Par Benjamin Brame, Avocat.

Le nom de ce recours mythique du droit administratif français fascine dès le départ : "EXCÈS DE POUVOIR" ! Magnifique, le pouvoir de l’Administration peut donc être excessif et être combattu !

Les citoyens peuvent donc recourir au juge quand ils estiment que l’Administration Française a outrepassé ses pouvoirs, à savoir ses fonctions.

En effet, par un arrêt en date du 17 février 1950, « Dame Lamotte », le Conseil d’État a eu l’occasion de consacrer un nouveau principe général du droit selon lequel toute décision administrative peut faire l’objet d’un recours pour excès de pouvoir. Et depuis, ce recours, bien que menacé à de multiples reprises, est toujours utilisé quotidiennement par des administrés mécontents, des fonctionnaires en conflit avec leur "employeur", ou des étrangers frappés d’une mesure restreignant leurs libertés.

Mais si l’erreur de fait en est un préalable, c’est au final une erreur de droit ou une erreur d’appréciation que le juge estimera manifestement fondée ou non.

Mais comment comprendre les lignes principales de ce recours, si particulier et si technique, avant de franchir la porte d’un avocat expert en droit administratif pour obtenir réparation de l’Administration, ou plutôt changement, réformation, de la décision qui vous fait grief ?

I. Quelles sont les conditions de recevabilité d’un recours devant les juridictions administratives ?

On appelle « conditions de recevabilité » les conditions devant être réunies pour que le juge puisse être saisi et rendre une décision « prononce sur le fond ». Si l’une des conditions n’est pas remplie, le juge rejette la requête en la déclarant irrecevable, sans même examiner si elle est bien fondée, c’est à dire si l’acte attaqué est effectivement illégal. Les conditions de recevabilité sont les suivantes :

- Le requérant doit avoir un intérêt à agir.

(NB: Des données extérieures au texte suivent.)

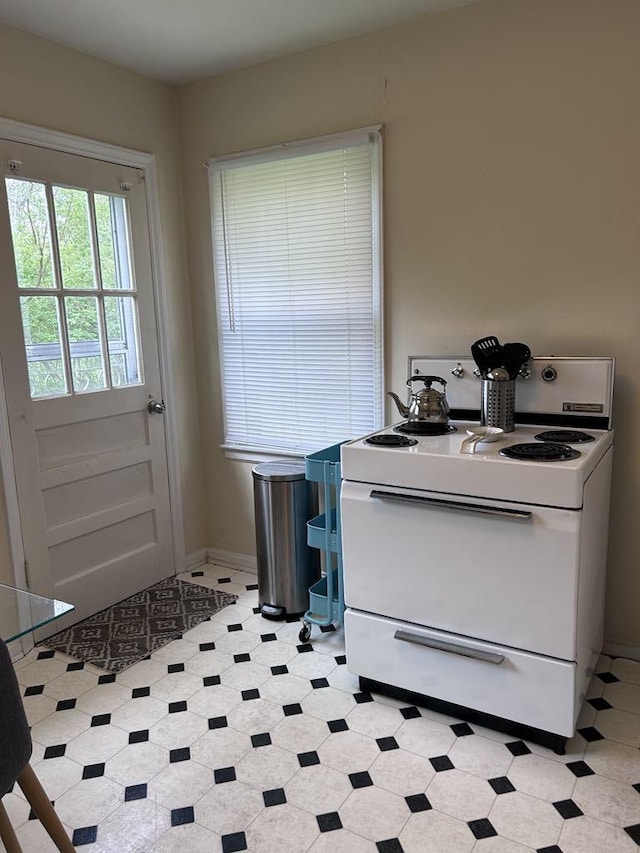 interior space with baseboards, light floors, and electric stove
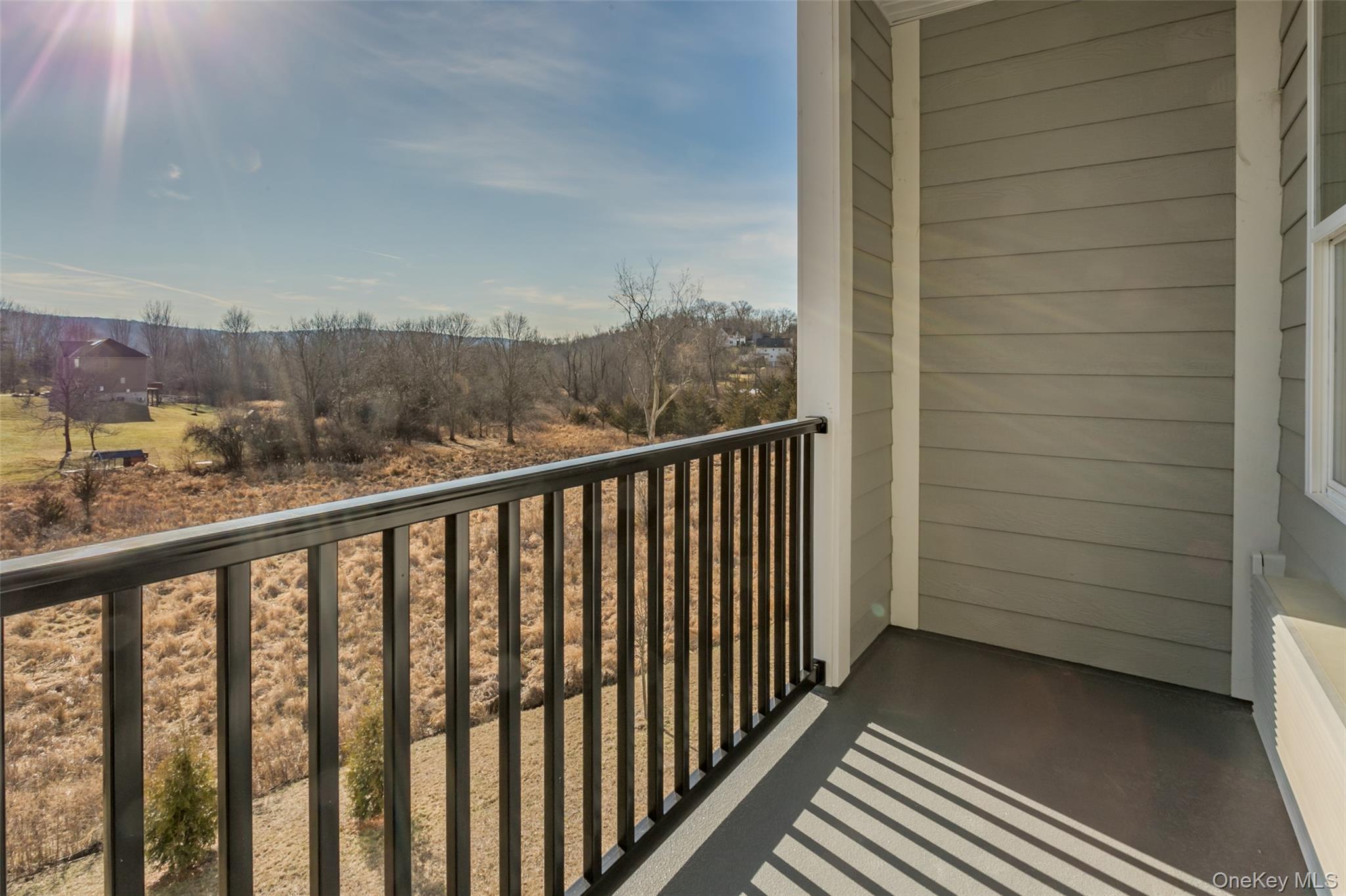124 South Main Street, Unit 2210 Florida, NY 10921 - Photo 12 of 14 a view of a balcony with an outdoor space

Un détenu a toujours intérêt à contester une mesure qui le vise personnellement ou qui modifie les conditions de détention de tous les détenus. En revanche, les personnes extérieures ne peuvent contester que les mesures qui les touchent directement : elles ne peuvent pas agir à la place du détenu.

- Le requérant doit avoir la capacité à agir.

C’est-à-dire avoir l’aptitude à faire valoir lui-même ses droits en justice. Les mineures et les incapables majeurs n’ont pas la capacité d’agir : ils doivent faire appel à leur représentant légal pour les assister devant un tribunal.

- Le requérant doit, dans certains cas, être représenté par un avocat.

A l’inverse l’action en responsabilité de l’administration ne nécessite pas obligatoirement l’assistance d’un avocat. Il en est de même lorsque le recours pour excès de pouvoir doit être exercé directement devant le Conseil d’Etat (cas notamment des contestations d’acte réglementaire émanant d’un ministre).

- L’acte attaqué doit être un acte administratif qui fait grief.

C’est-à-dire un acte susceptible de produire des effets juridiques (qui change la situation juridique de la personne).

- Le recours doit être rédigé en français.

Rédigé sur papier libre, comporter des indications suffisantes pour identifier son auteur (identité et adresse pour prendre contact avec lui). Il doit impérativement être signé.

- La décision attaquée doit être produite en annexe de la requête.

En cas d’impossibilité, lorsque la décision n’a pas été notifiée, une copie de la décision de l’administration refusant de la communiquer ou la preuve de la saisine de la CADA (Commission d’accès aux documents administratifs) peuvent être suffisantes.

- Les pièces produites en annexe de la requête.
Elles doivent être numérotées et il est nécessaire d’en dresser la liste après l’exposé des conclusions.

- la requête doit être accompagnée de plusieurs copies.

Dans le cas le plus courant, il faut un original et trois copies, à savoir quatre exemplaires en tout. (sauf dans le cas récent de la dématérialisation via une clef RPVA, mais ceci est uniquement réservé aux avocats)

II. Quel est le régime des délais pour saisir les juridictions administratives ?

Le délai de recours contre un acte administratif débute avec la mesure officielle d’information qui en est faite. Cette information se réalise par publication ou affichage pour les actes réglementaires (mesures générales et impersonnelles), par notification pour les décisions individuelles (mesures nominatives).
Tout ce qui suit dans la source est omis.